▶ _BRIEF_: Where an image appears in the data, omit it and reproduce the rest exactly.

SUPPLIED MATERIAL: Begin

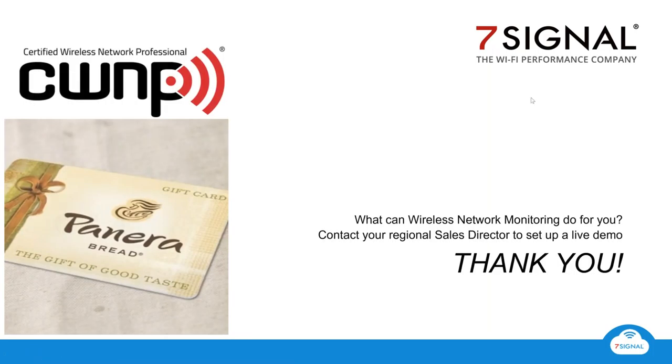We want to thank everyone attending today for the time you spent with us. I'll be sending you a Panera gift card as a thank you. Jim, thanks so much for attending today as well — I had fun, and thanks to everybody who came. We have weekly webinars every week, so look out for those and for an email from myself or Don Cook. Everyone have a great rest of your day, thanks for attending — bye-bye.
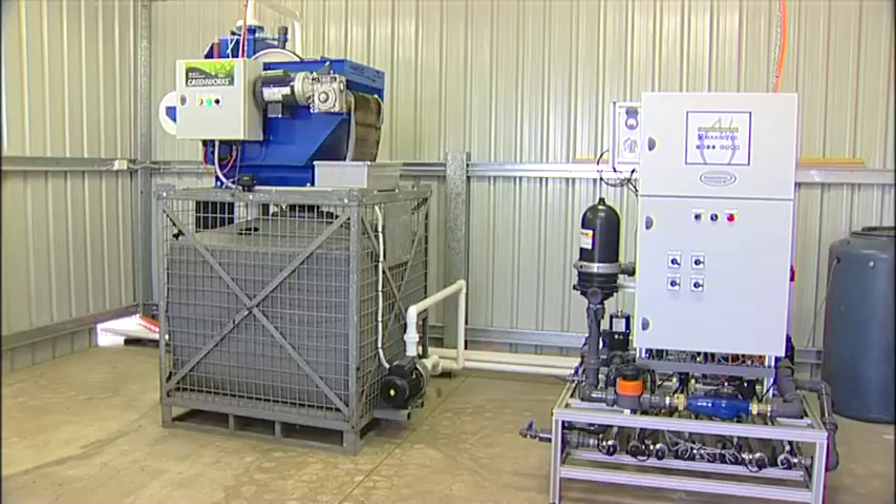Water Smart Farms made the recycling system a reality. The Water Smart Farms project actually enabled us to take the initiative and make this recycling of the runoff actually happen.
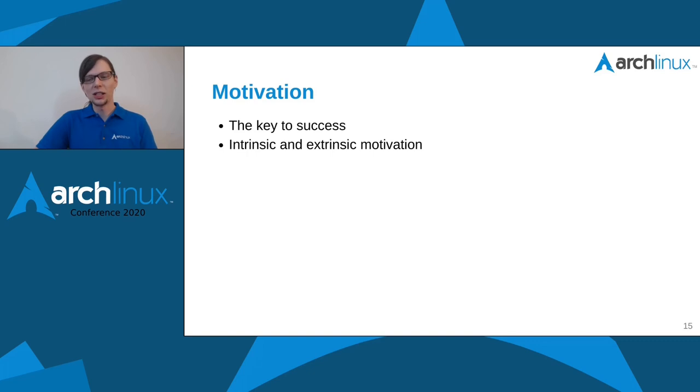Contrary to that, extrinsic motivation is about goals you want to achieve where you're not passionate about the work itself but about the goal, such as a salary raise or a title. The problem is it always needs reinforcement — shortly after a raise, it's not enough anymore, and you need another dose. What you really want is intrinsically motivated people, because they're passionate about the work and will do everything to improve it. It's very tough to identify them, but it's a key component for a healthy and passionate team.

SUPPLIED MATERIAL: End

▶ _SOLVED EXERCISE_:
We want to thank everyone attending today for the time you spent with us. I'll be sending you a Panera gift card as a thank you. Jim, thanks so much for attending today as well — I had fun, and thanks to everybody who came. We have weekly webinars every week, so look out for those and for an email from myself or Don Cook. Everyone have a great rest of your day, thanks for attending — bye-bye.
Water Smart Farms made the recycling system a reality. The Water Smart Farms project actually enabled us to take the initiative and make this recycling of the runoff actually happen.
Contrary to that, extrinsic motivation is about goals you want to achieve where you're not passionate about the work itself but about the goal, such as a salary raise or a title. The problem is it always needs reinforcement — shortly after a raise, it's not enough anymore, and you need another dose. What you really want is intrinsically motivated people, because they're passionate about the work and will do everything to improve it. It's very tough to identify them, but it's a key component for a healthy and passionate team.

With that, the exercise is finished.